## [EXERCISE AIM]
Please restate the records that follow exactly, skipping their images.

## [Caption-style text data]

··········

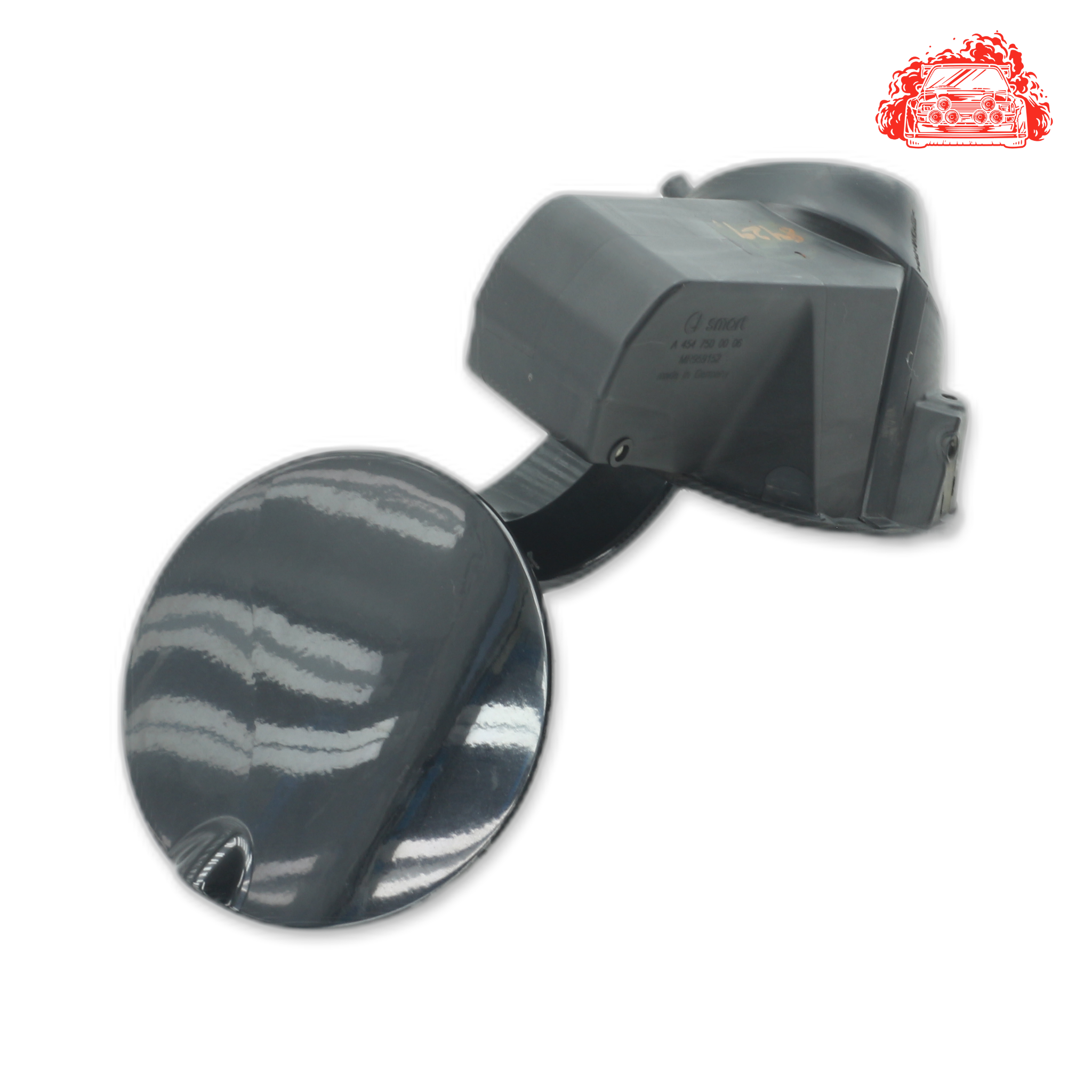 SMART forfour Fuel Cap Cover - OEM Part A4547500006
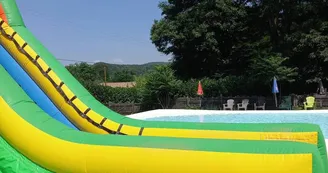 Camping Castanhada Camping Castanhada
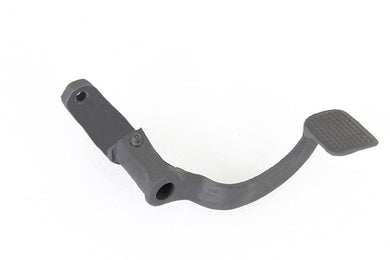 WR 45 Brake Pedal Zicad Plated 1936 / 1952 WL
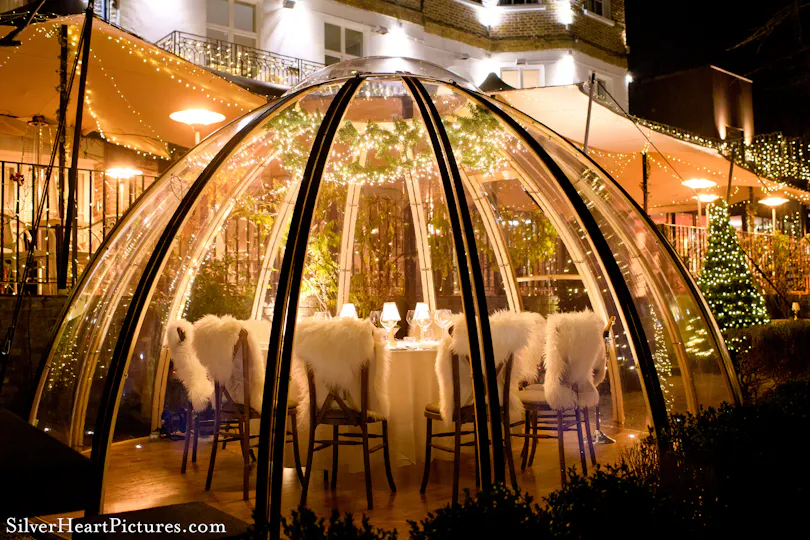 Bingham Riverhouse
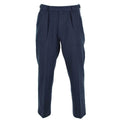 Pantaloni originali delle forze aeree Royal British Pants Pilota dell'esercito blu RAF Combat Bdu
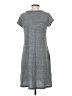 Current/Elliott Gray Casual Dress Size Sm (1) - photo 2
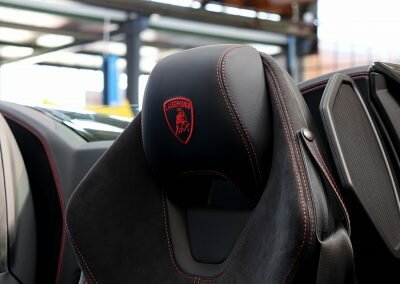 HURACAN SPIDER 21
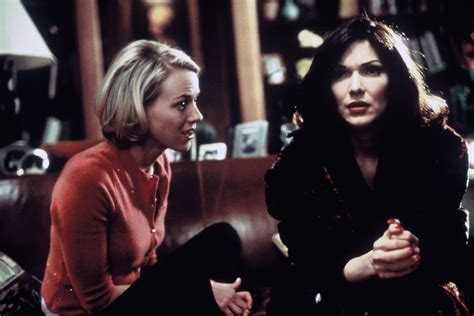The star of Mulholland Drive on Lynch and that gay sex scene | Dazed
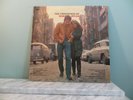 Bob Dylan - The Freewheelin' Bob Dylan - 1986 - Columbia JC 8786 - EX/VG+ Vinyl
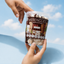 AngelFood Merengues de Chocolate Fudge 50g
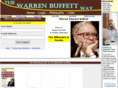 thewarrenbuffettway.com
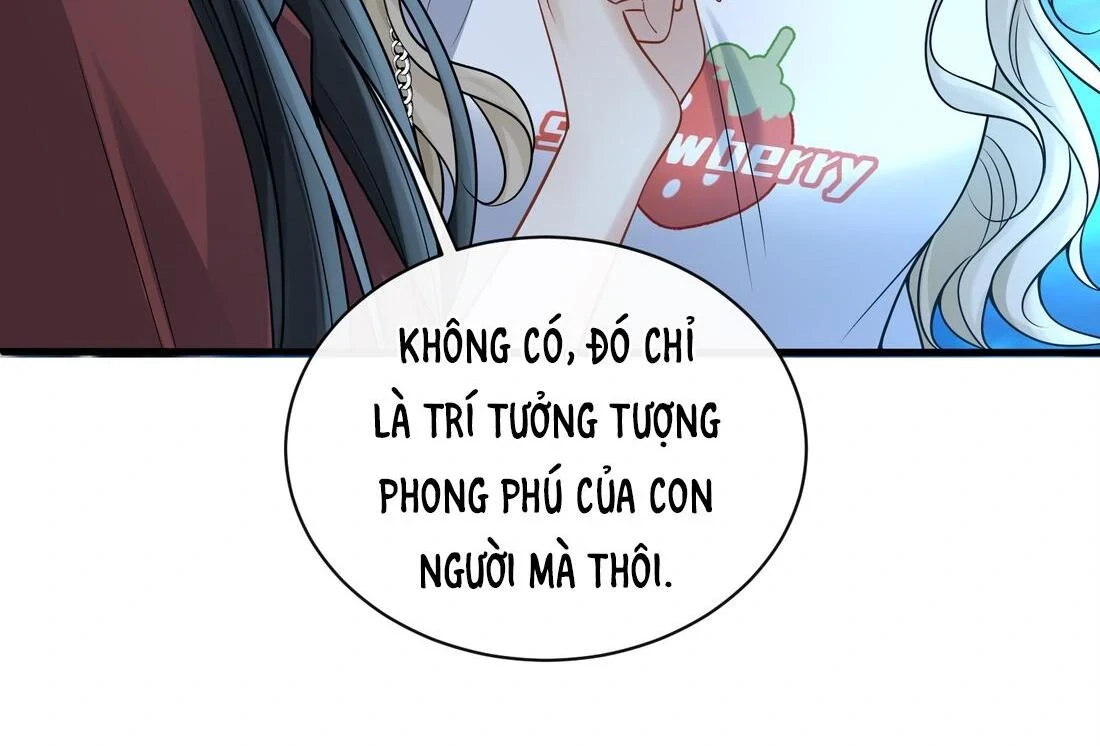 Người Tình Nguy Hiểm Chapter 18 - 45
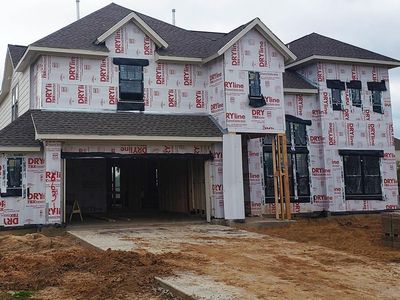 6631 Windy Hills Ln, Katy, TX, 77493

··········

## [YOUR RESPONSE]
 SMART forfour Fuel Cap Cover - OEM Part A4547500006
 Camping Castanhada Camping Castanhada
 WR 45 Brake Pedal Zicad Plated 1936 / 1952 WL
 Bingham Riverhouse
 Pantaloni originali delle forze aeree Royal British Pants Pilota dell'esercito blu RAF Combat Bdu
 Current/Elliott Gray Casual Dress Size Sm (1) - photo 2
 HURACAN SPIDER 21
The star of Mulholland Drive on Lynch and that gay sex scene | Dazed
 Bob Dylan - The Freewheelin' Bob Dylan - 1986 - Columbia JC 8786 - EX/VG+ Vinyl
 AngelFood Merengues de Chocolate Fudge 50g
 thewarrenbuffettway.com
 Người Tình Nguy Hiểm Chapter 18 - 45
 6631 Windy Hills Ln, Katy, TX, 77493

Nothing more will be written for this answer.